* [WORK ORDER]
Could you transcribe every record below exactly, leaving out the pictures?

* [DATA FOR REVIEW]
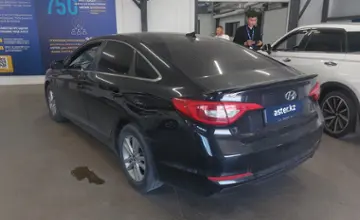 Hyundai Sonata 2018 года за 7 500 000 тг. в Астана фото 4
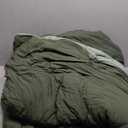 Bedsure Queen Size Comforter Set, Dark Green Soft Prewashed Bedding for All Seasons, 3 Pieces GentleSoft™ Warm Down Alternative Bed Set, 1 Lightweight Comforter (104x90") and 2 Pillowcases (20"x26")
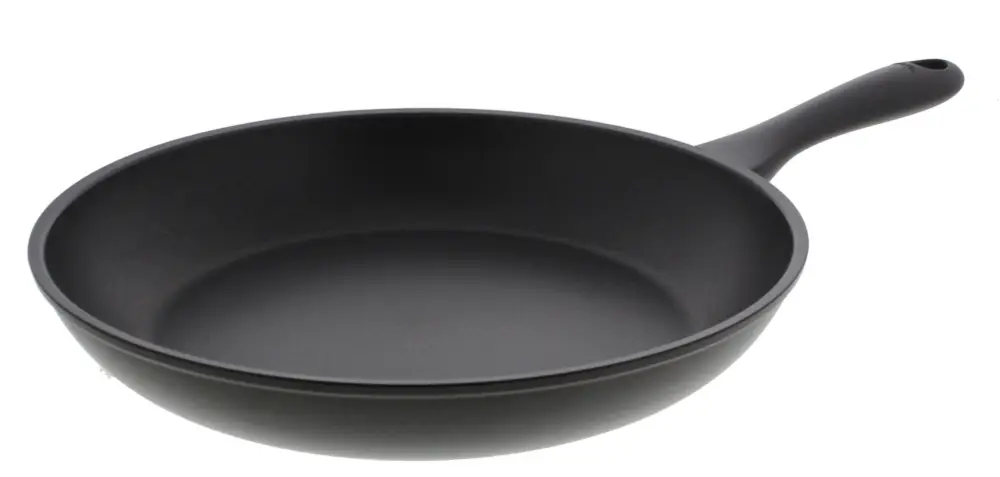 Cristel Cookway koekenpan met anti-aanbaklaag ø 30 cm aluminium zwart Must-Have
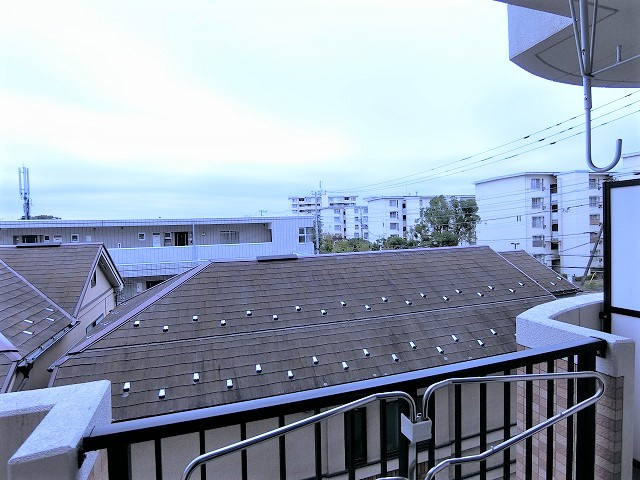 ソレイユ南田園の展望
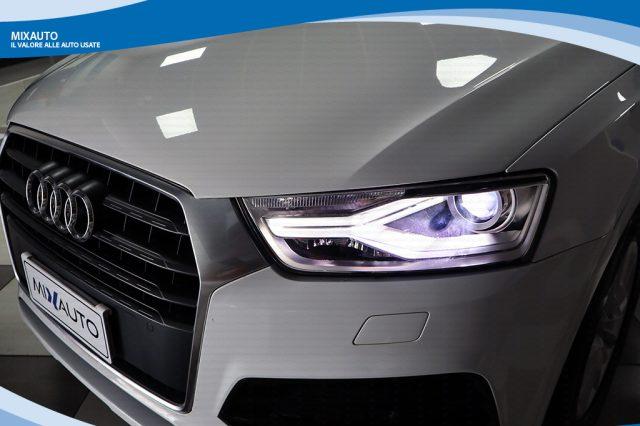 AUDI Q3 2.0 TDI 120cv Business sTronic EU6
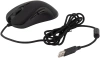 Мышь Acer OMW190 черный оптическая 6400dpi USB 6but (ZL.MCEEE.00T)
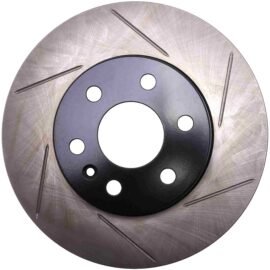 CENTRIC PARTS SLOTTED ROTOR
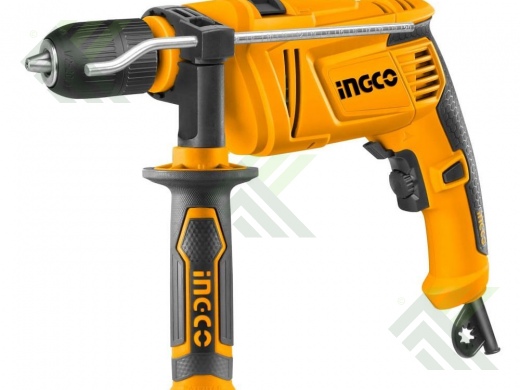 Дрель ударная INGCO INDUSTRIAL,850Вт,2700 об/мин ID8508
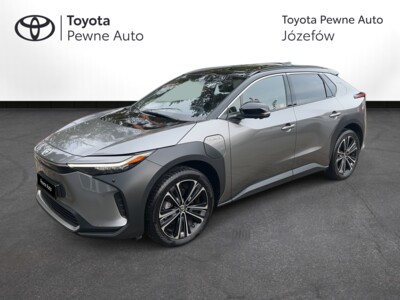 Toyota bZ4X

* [SOLUTION TO THIS EXERCISE]
 Hyundai Sonata 2018 года за 7 500 000 тг. в Астана фото 4
 Bedsure Queen Size Comforter Set, Dark Green Soft Prewashed Bedding for All Seasons, 3 Pieces GentleSoft™ Warm Down Alternative Bed Set, 1 Lightweight Comforter (104x90") and 2 Pillowcases (20"x26")
 Cristel Cookway koekenpan met anti-aanbaklaag ø 30 cm aluminium zwart Must-Have
 ソレイユ南田園の展望
 AUDI Q3 2.0 TDI 120cv Business sTronic EU6
 Мышь Acer OMW190 черный оптическая 6400dpi USB 6but (ZL.MCEEE.00T)
 CENTRIC PARTS SLOTTED ROTOR
 Дрель ударная INGCO INDUSTRIAL,850Вт,2700 об/мин ID8508
 Toyota bZ4X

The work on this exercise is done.